Japanese and Chinese are a hobby of mine. One practical idea I have is to make a resource based on Moe dict(萌典) but including Japanese translation. One source for automatically matching Chinese, Japanese and English words is Wikipedia, since many pages exist in cross-linked, matching versions, for example: 微積分學, 微分積分学, and Calculus. [Update 2023, currently a student is working on this project].

A Better Unicode

Unicode is wonderful. A billion times better than boring ascii. But actually it's a mess. It is inconsistent (for example superscripted a and e (ᵃᵉ) are in unicode but superscripts for b,c and d are not. It contains all sorts of exotic characters and symbols, but fails to provide very basic code points which millions of people would use. For example only two code points are provided for the character "徑", but it needs three because mainland China and Japan both use their own simplified version of this character. Unicode "merges" the Japanese and Chinese simplified characters, but what if I want to quote Chinese in a Japanese text or vice versa! (Personally I wish neither China nor Japan had "simplified" Chinese characters but hard to see how I can undo that). One might argue that while a "better unicode" is in principle a good idea, in practice unicode is too well entrenched to be displaced. Maybe so, but it could still be a nice academic research project.

Software Projects

Since I am in a computer science department, I think it would be nice if some student research projects contributed to open source community software. I will be teaching a course on emacs and have some ideas for projects provide useful elisp libraries.
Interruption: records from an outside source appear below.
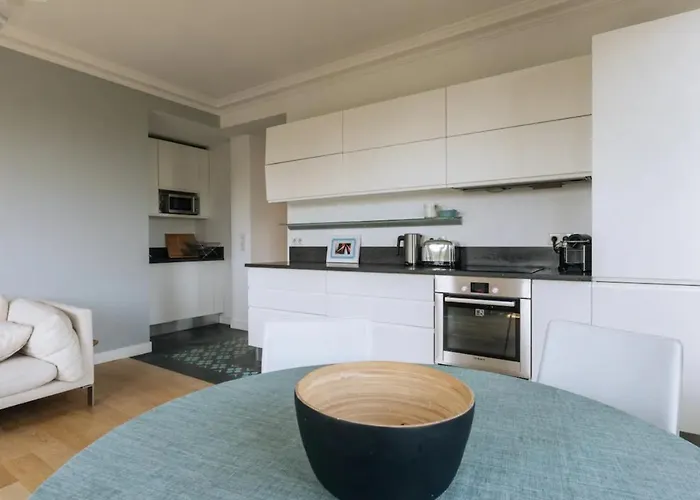 Апартаменты Central&spacious 2bd For 4 In Champs Elysees *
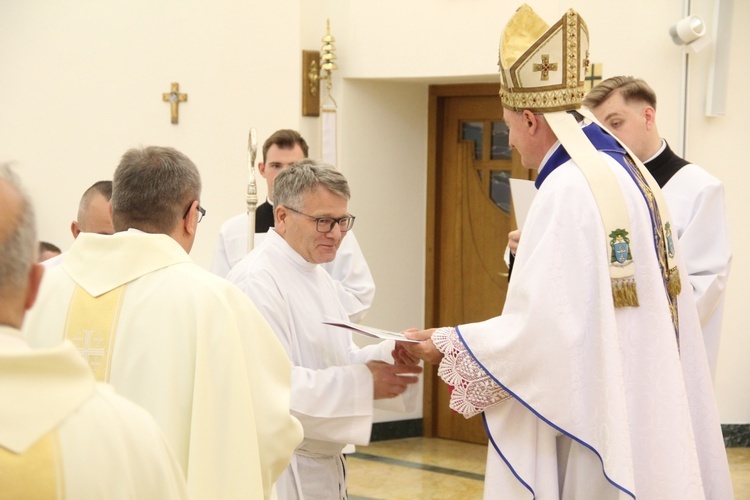 Tarnów. Błogosławieństwo nadzwyczajnych szafarzy Komunii św.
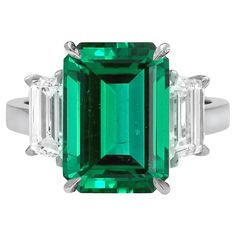 - 7.74ct size natural emerald - GIA certified - Gorgeous rich green color! Will appear richer once mounted as well! - Beautiful emerald cut Garnet And Diamond Ring, Sterling Silver Mens Rings, Platinum Diamond Rings, Tsavorite Garnet, Emerald Diamond Ring, Diamond Jewelry Designs, Garnet Jewelry, Mens Silver Rings, Sterling Silver Mens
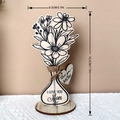 Macro detail of wooden flower bouquet with I LOVE YOU MOM engraving and jute rope - MZ804C / White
Another (highly challenging) idea would be to figure out a way to speed up the run time of my favorite document processor XeTeX; such as using checkpointing to accelerate recompiling.
一個線索: XeLaTeX seems to support a LaTeX precompiling mechanism with a command like:

xelatex -ini -jobname="CommonIncludes" "&xelatex" mylatexformat.ltx CommonIncludes.tex
But gives an error because it does not support the modern OpenType font, and although I have seen a workaround, I was not able to confirm that it works.

Or how about an intelligent file renamer? Often I download files with meaningless names like btac354.pdf or n059940111401.pdf; those names might mean something to the site I downloaded them from, but they mean nothing to me - so each time I spend a minute of my life renaming them manually. It would be nice to have a tool which could heuristically derive an appropriate name for such files based on their content.
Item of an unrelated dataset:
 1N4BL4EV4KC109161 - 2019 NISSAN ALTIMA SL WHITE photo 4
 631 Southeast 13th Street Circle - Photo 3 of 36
Better support for substrings, or more generally "ranges" of arrays in C. The C programming language is rather low level, but is still widely used. The standard way to represent a string is C is a "C-string", which is a chunk of memory ending in zero (null, '\0'). That representation makes it very inconvenient to represent substrings of a larger string -- it forces the programmer to allocate their own memory to copy the substring and then add a zero to it. A much more convenient representation would be a range expressed as a pair of pointers, char* beg, char* end. So to print the substring one could do

for( char* c = beg; c < end; c++ )  putchar( *c );
Unfortunately most standard C functions, especially printf and friends do not support ranges. (The Standard Template Library of C++ does, but C++ has other drawbacks). It would be nice to design a GNU C extension of printf to support ranges. Something like
struct charRange{
  char* beg;
  char* end;

char text= "abcdefgh";
struct charRange substringVar =  {.beg= text+3, .end= text+6};

my_printf( "the substring you want is '%rc'", substringVar );
// will output "the substring you want is 'def'"

GPU software development

The power of GPU computing gives impressive results when the task, implementation and hardware architecture all match. Unfortunately I don't know much about GPU programming, but I think it is an important direction and could be a good fit for a Master student who wants to acquire a programming skill not many have. In 2022, one student (盧宥霖) had some success porting an NGS application (Eagle again) to GPU. That could be further explored. Also, I have an interest in Bayesian model selection which sometimes requires computationally intensive Monte Carlo methods to numerically approximate integrals. Some work has been done on that (by other groups), but probably much more can be done.